Druckartikel: Der Messias wohnt nicht im Weißen Haus

Der Messias wohnt nicht im Weißen Haus


Autor: Rudolf Görtler

Bamberg, Mittwoch, 07. November 2012

Barack Obama hat eine zweite Chance verdient. Dass man ihn zum Messias überhöht, hat er nicht verdient. Das Obama-Fieber ist ein Exempel für vor allem von den Medien geschürten Irrationalismus.
Barack Obama im Konfettiregen nach seinem Wahlsieg Foto: dpa


Ein Politiker dreht durch. Was ist nur mit dem Senator los?, rätseln seine Wahlkampfmanager. Der eigentlich erzkonservative Bulworth rappt mit Afroamerikanern, betrinkt sich und, vor allem, redet Klartext: Er macht sich lustig über Leute, die glauben, er würde einem Versicherungsunternehmen auf die Pelle rücken, von dem er eben eine große Spende eingesackt hat.

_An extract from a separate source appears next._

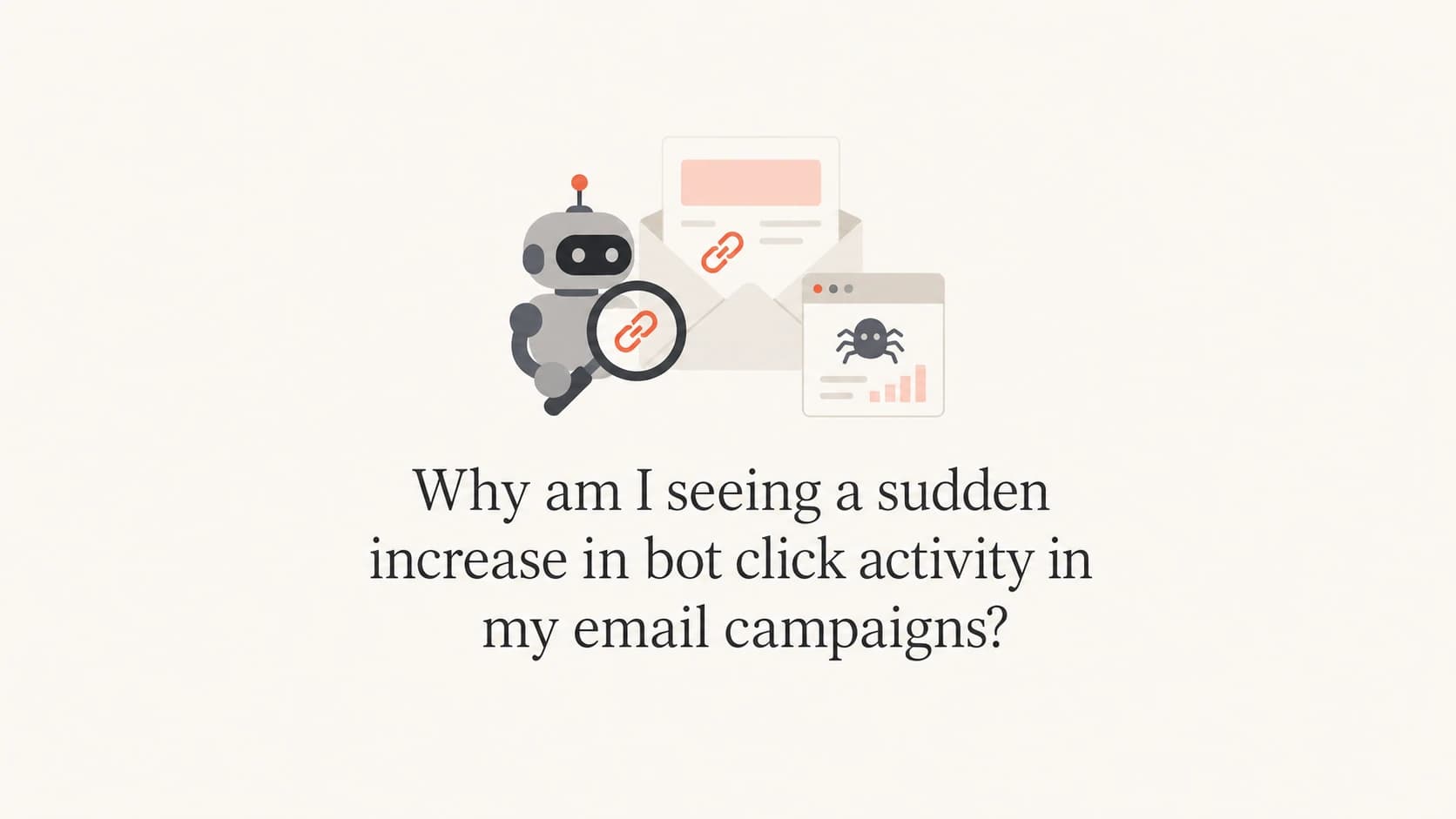 Editorial thumbnail showing automated email link checks and campaign click activity.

Unrealistisch? Natürlich. Es ist der Inhalt der wenig bekannten 1998 gedrehten Filmsatire "Bulworth" von und mit Warren Beatty. Dieser Tage erinnert man sich gerne wieder daran. Ach, schon vor vier Jahren, als ein neuer Messias herniedergekommen schien, mindestens. Barack Obama war Präsident der USA geworden, und siehe, alles ward gut. Die Sehnsucht halbinformierter Massen nach einer Heilsfigur - 2012 hätten ihn über 90 Prozent der Deutschen gewählt - ist ja gerade noch zu verstehen, aber auch die Journalistenmeute schien und scheint kollektiv den Verstand an der Garderobe ihrer Medienhäuser abgegeben zu haben. Was von einem einzelnen Mann erwartet worden war, konnte er überhaupt nicht leisten.

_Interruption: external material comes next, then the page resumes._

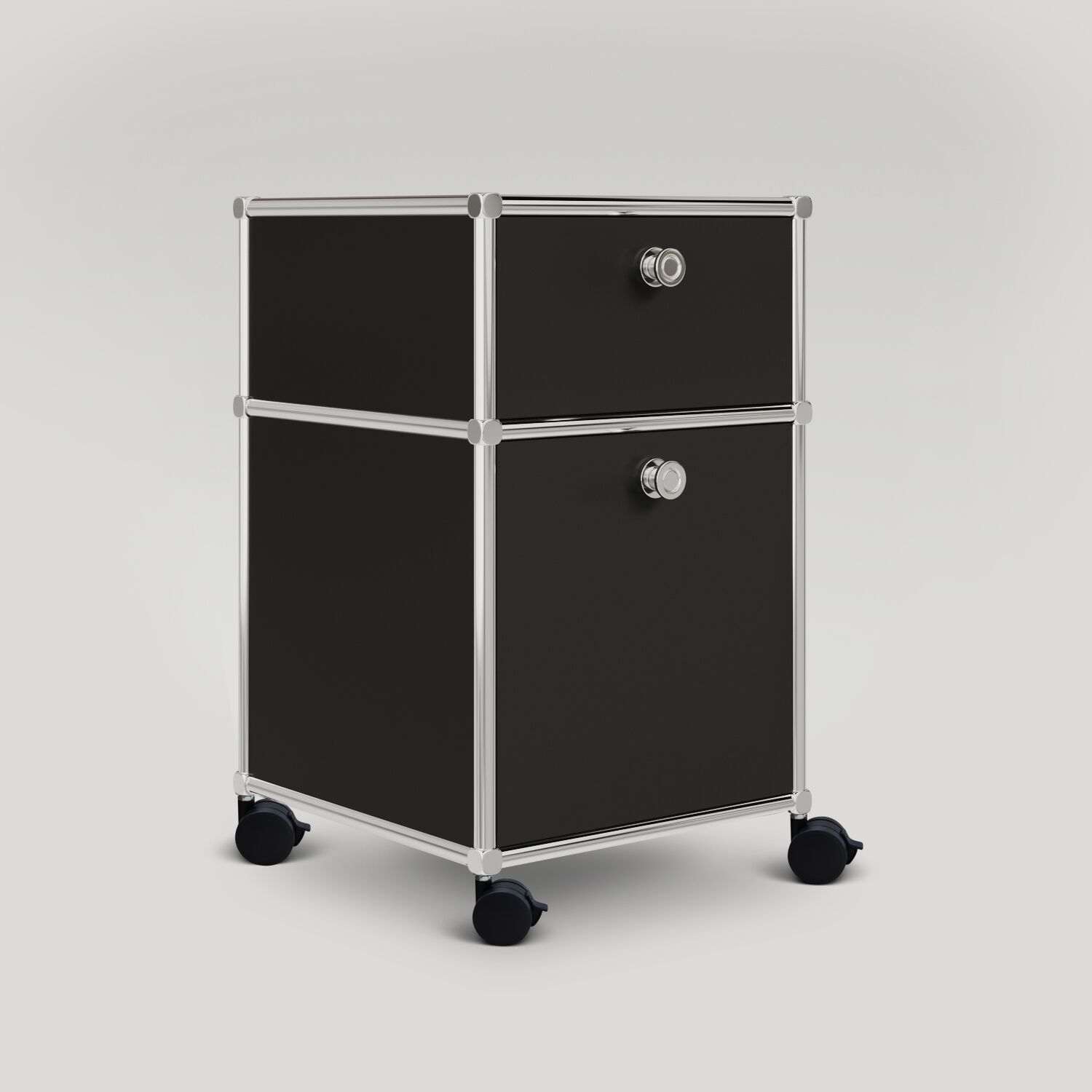 Rollcontainer mit 2 Schubladen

Er war kein aufgeklärter absoluter Herrscher Ende des 18. Jahrhunderts wie Joseph II., sondern hatte sich noch mit so Kleinigkeiten wie Verfassungsorganen und Gewaltenteilung herumzuschlagen. Der Friedensnobelpreis ein Jahr nach seinem Amtsantritt kann heute als gelungener Scherz des Osloer Komitees interpretiert werden. Obamas völkerrechtlich mindestens fragwürdiger Drohnenkrieg mit Hunderten von auch zivilen Toten, jede Exekution vom Präsidenten persönlich gebilligt, Guantánamo und die seit der Bush-Ära im Grundsatz unveränderte Außenpolitik dürften das belegen.

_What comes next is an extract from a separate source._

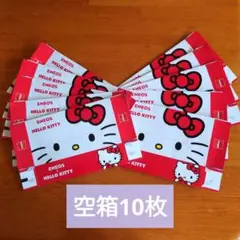 ENEOS×HELLO KITTY ティッシュ空箱（赤白）10枚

Dass für den US-Wahlkampf zirka sechs Milliarden Dollar verpulvert worden sind, dass amerikanische Abgeordnete die Hälfte ihrer Zeit mit Spendensammeln verbringen, dass die Verarmung weiter Teile der Bevölkerung munter voranschreitet, dass der sogenannte Sicherheitszaun an der Grenze zu Mexiko weiter besteht - das tat und tut der mythischen Überhöhung eines einzigen Mannes keinen Abbruch. Im Übrigen sollten deutsche Kommentatoren nicht allzu hämisch auf die Vereinigten Staaten zeigen. Auch hier gibt es so etwas wie Prekarisierung und Neue Rechte. Bloß ist kein Messias in Sicht.